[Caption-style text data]
⁂
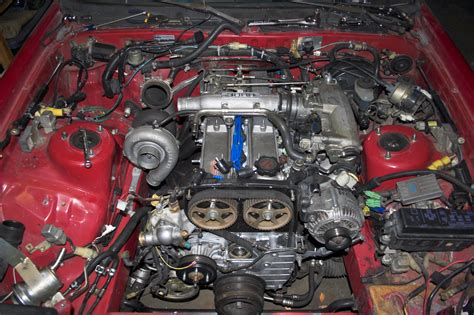 Image Result For Toyota Race Engine Bay Toyota Supra Mk3,, 55% OFF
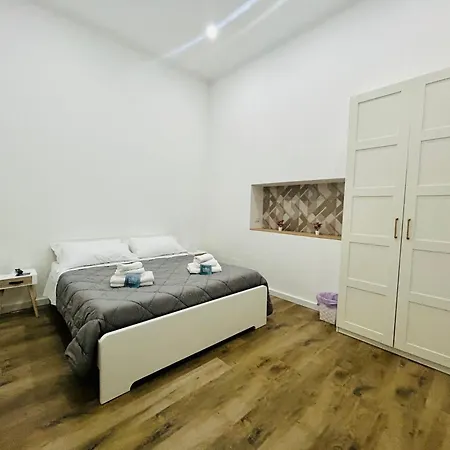 Affittacamere Boiardo Art House *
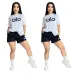 1alo Fashion Tracksuits for Women #A51034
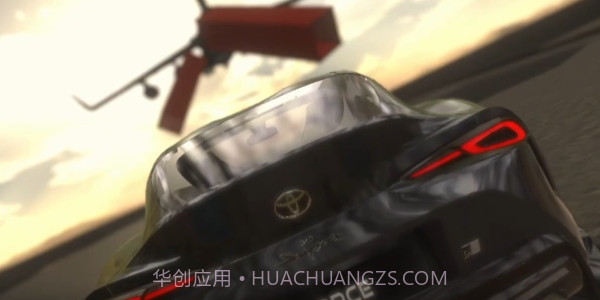 漂移力量2截图3 漂移力量2截图3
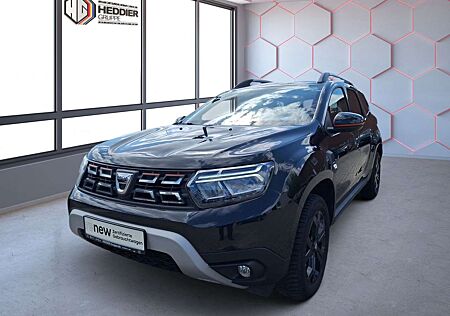 Dacia Duster II Extreme TCE 150 EDC-Automatik*Klima*Si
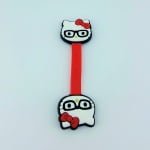Clip Kitty Lentes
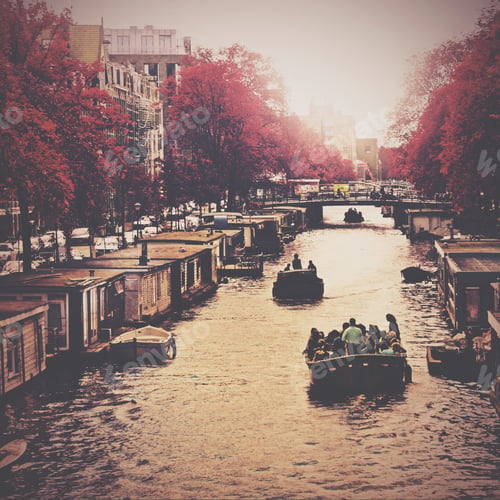 Preview: Amsterdam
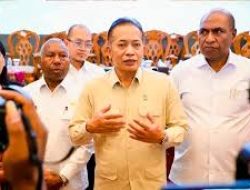 Pemerintah Kabupaten Mahulu Komitmen Tuntaskan Rekomendasi BPK, Targetkan 90 Persen Semester Ini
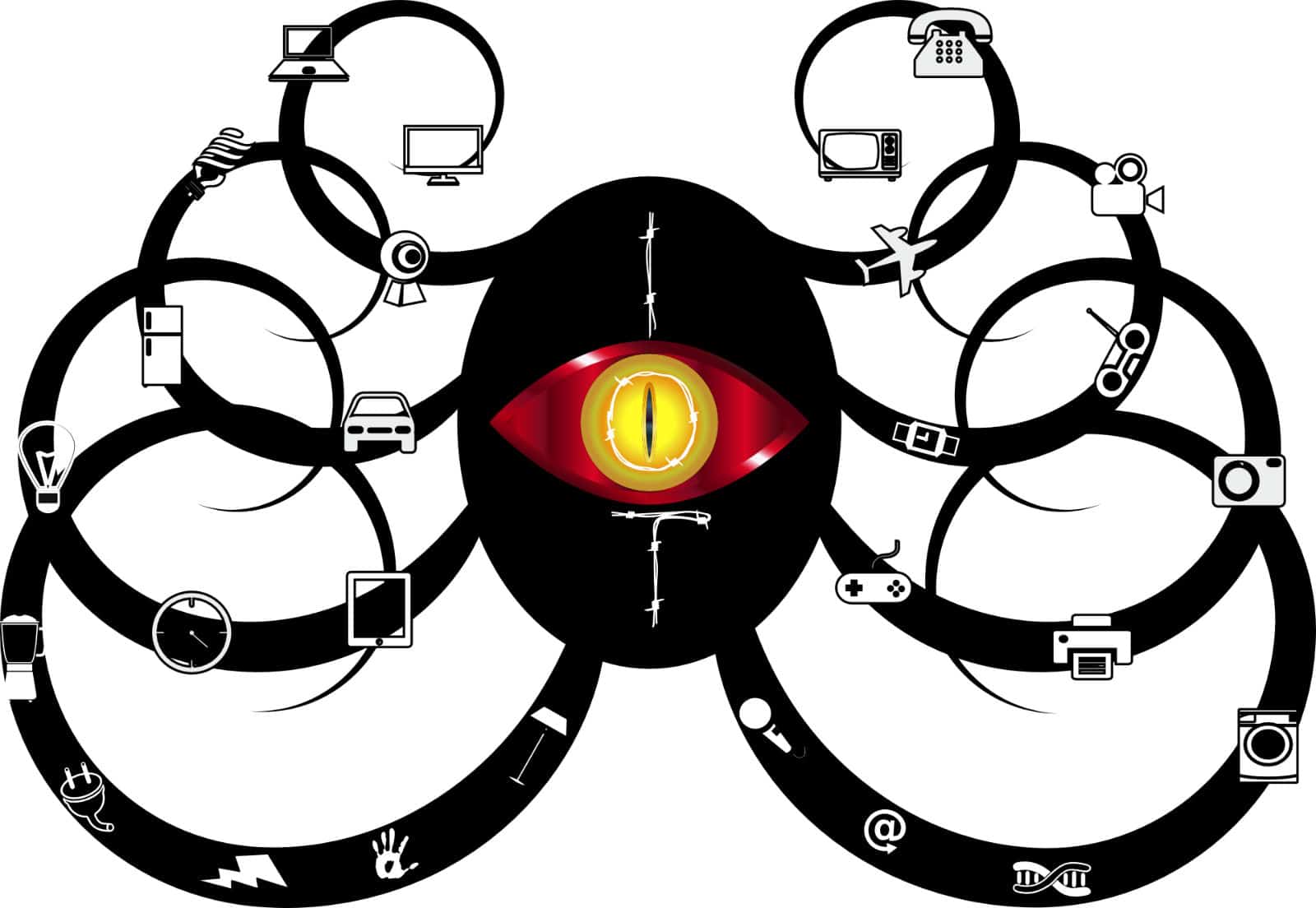 CIA Vault 7: Apple Mac Hardware Trojan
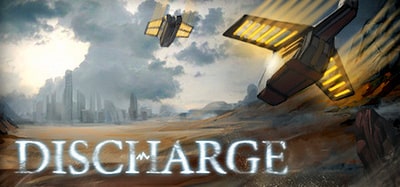 دانلود بازی Discharge نسخه PLAZA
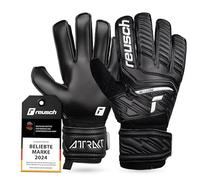 Reusch Attrakt Solid, Guanti da Portiere Unisex Adulto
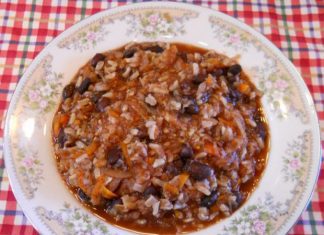 Postan kupus sa pasuljem postan kupus sa pasuljem recept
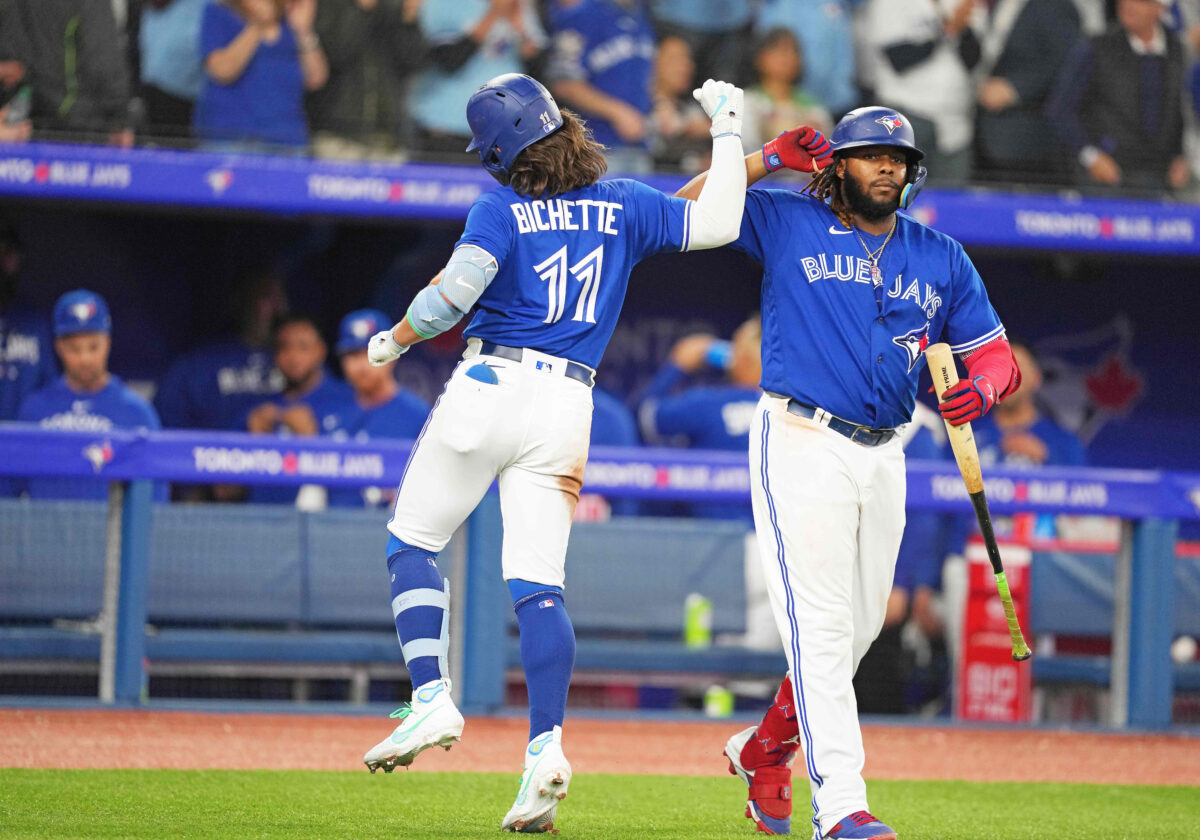 Atlanta Braves at Toronto Blue Jays odds, picks and predictions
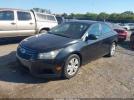 Chevrolet Cruze Ls Auto Image 10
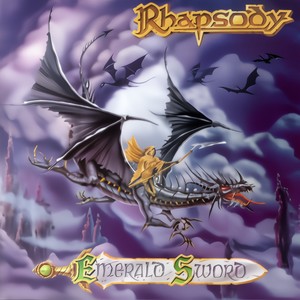 Emerald Sword (Single Version)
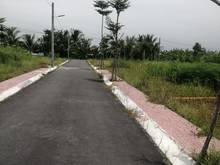 Hình ảnh Chính chủ bán miếng đất thổ đường lớn dân đông, khu quốc lộ 50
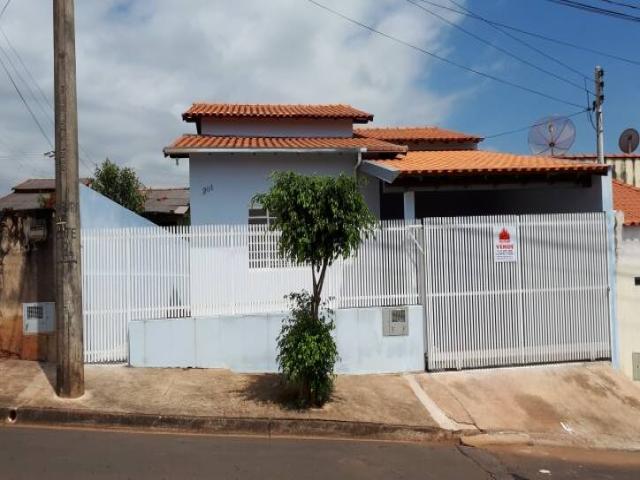#268 - Casa para Venda em Piraju - SP - 1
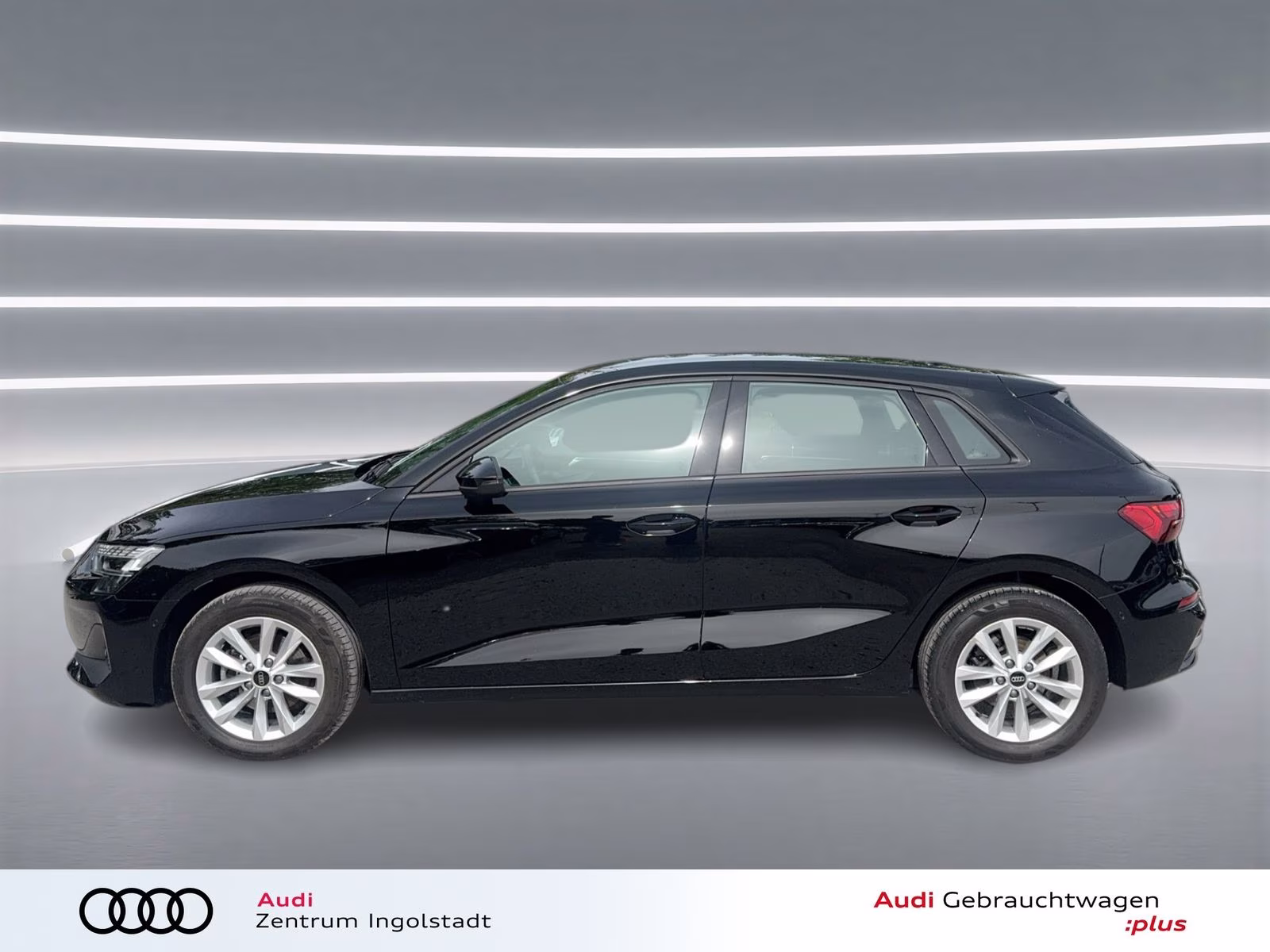 Sportback 30 TFSI LED PDC+ SHZ NAVI+ Virtual+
⁂
## [Required work]
Say again, exactly, only those lines of the records that run from the start through the line with "Preview: Amsterdam". Pictures are to be skipped.

## [Finished task]
 Image Result For Toyota Race Engine Bay Toyota Supra Mk3,, 55% OFF
 Affittacamere Boiardo Art House *
 1alo Fashion Tracksuits for Women #A51034
 漂移力量2截图3 漂移力量2截图3
 Dacia Duster II Extreme TCE 150 EDC-Automatik*Klima*Si
Clip Kitty Lentes
 Preview: Amsterdam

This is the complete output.